Looser currency controls on cards

By Xu Binglan and Li Fangchao (China Daily)
Updated: 2007-03-09 09:21

The authorities are considering further relaxing currency controls to slow down the expansion of the country's foreign exchange reserves, the chief of the State Administration of Foreign Exchange (SAFE) said yesterday.

SAFE Director Hu Xiaolian said new measures under consideration include allowing individuals to convert their renminbi holdings into foreign currency and invest the money in overseas markets on their own, and allowing Chinese companies to issue bonds denominated in hard currencies.

She was speaking to reporters on the sidelines of the annual session of the National People's Congress.

China launched the Qualified Domestic Institutional Investor Scheme (QDII) in April 2006. 

Under the scheme, selected institutions are allowed to pool individuals' foreign currency holdings and invest the money in overseas financial markets.

But only a fraction of the $14 billion QDII quota has been used.

Hu said the design of QDII products had to be improved to make them more attractive.


But analysts say expectations that the renminbi would appreciate further were also a key reason for the lukewarm domestic response to QDII.

Hu said regulators had heard calls to allow individuals to buy foreign currency and invest the money overseas by themselves.

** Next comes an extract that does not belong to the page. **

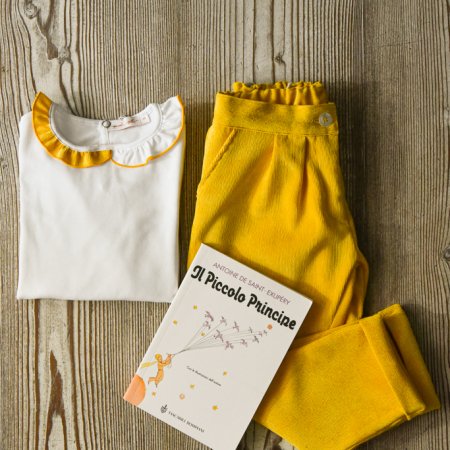 completo elegante bambina pantaloni velluto giallo maglietta cotone made in italy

"It is an idea worth exploring," she said. "But we need to research the channels and amounts (for individuals overseas investments using foreign exchange)."

Hu said regulators would also consider permitting domestic institutions to issue bonds in foreign currencies.

"It is a very good idea, which we will definitely include within the scope of our research," she said.

China allowed international development agencies to float yuan-based bonds last year.